Retype, word for word, the lines from the first line of the entries through the line that holds "El MAS denuncia"; leave out the pictures.

..............................

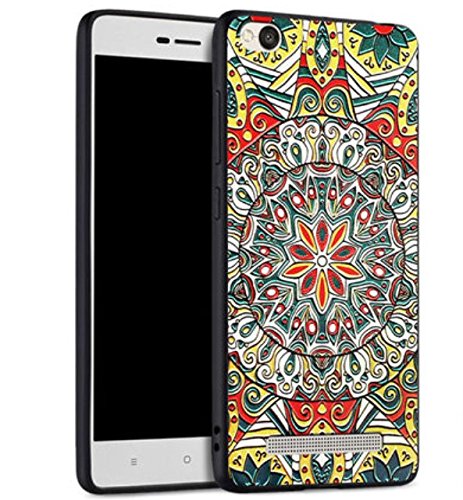 PREVOA Colorful Silicona Funda Cover Case para Xiaomi Redmi 4A Smartphone de 5 0 pulgadas - 12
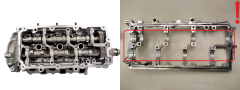 Topplock VWAG 059063CF 0593AG 059285 3.0 TDI BKS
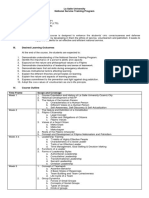 NSTP LTS Course Outline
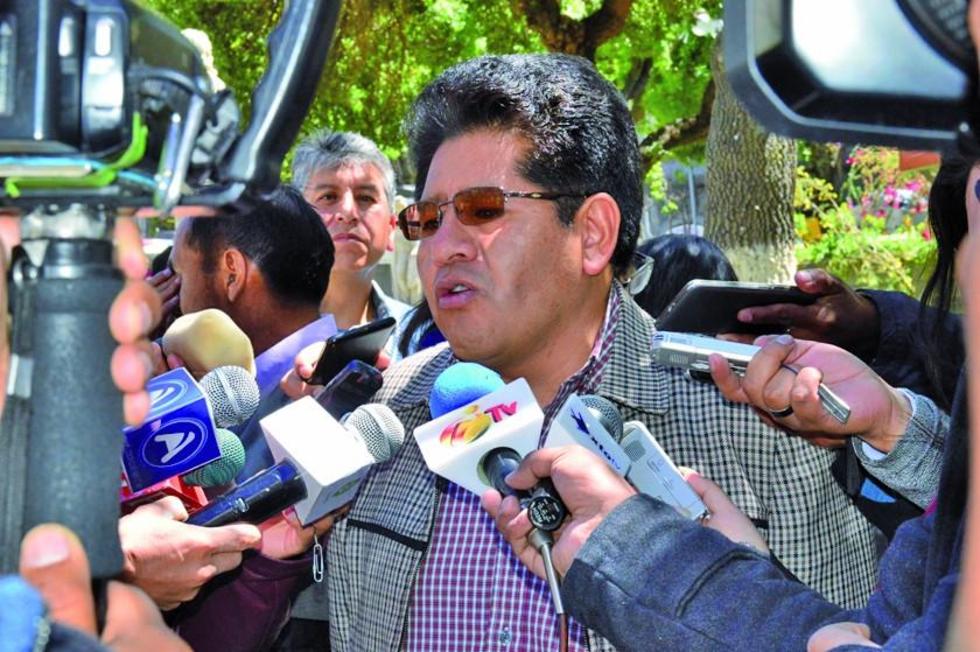 El MAS denuncia un "complot internacional" para desestabilizar Bolivia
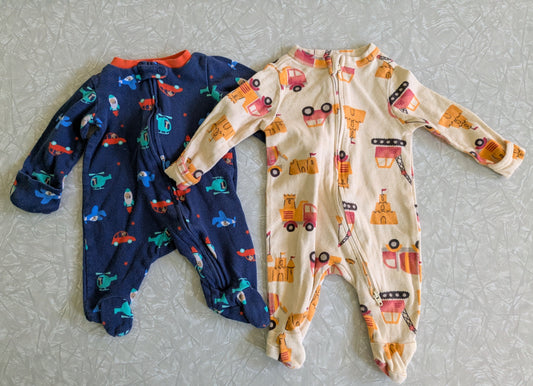 #61 Newborn Sleepers Carter's Old Navy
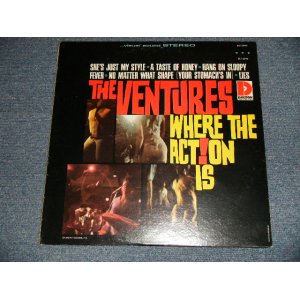 画像: THE VENTURES -  WHERE THE ACTION IS (SEALED) / 1965? Version? US AMERICA STEREO "BRAND NEW SEALED"LP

..............................

> [Solution to this task]:
 PREVOA Colorful Silicona Funda Cover Case para Xiaomi Redmi 4A Smartphone de 5 0 pulgadas - 12
 Topplock VWAG 059063CF 0593AG 059285 3.0 TDI BKS
 NSTP LTS Course Outline
 El MAS denuncia un "complot internacional" para desestabilizar Bolivia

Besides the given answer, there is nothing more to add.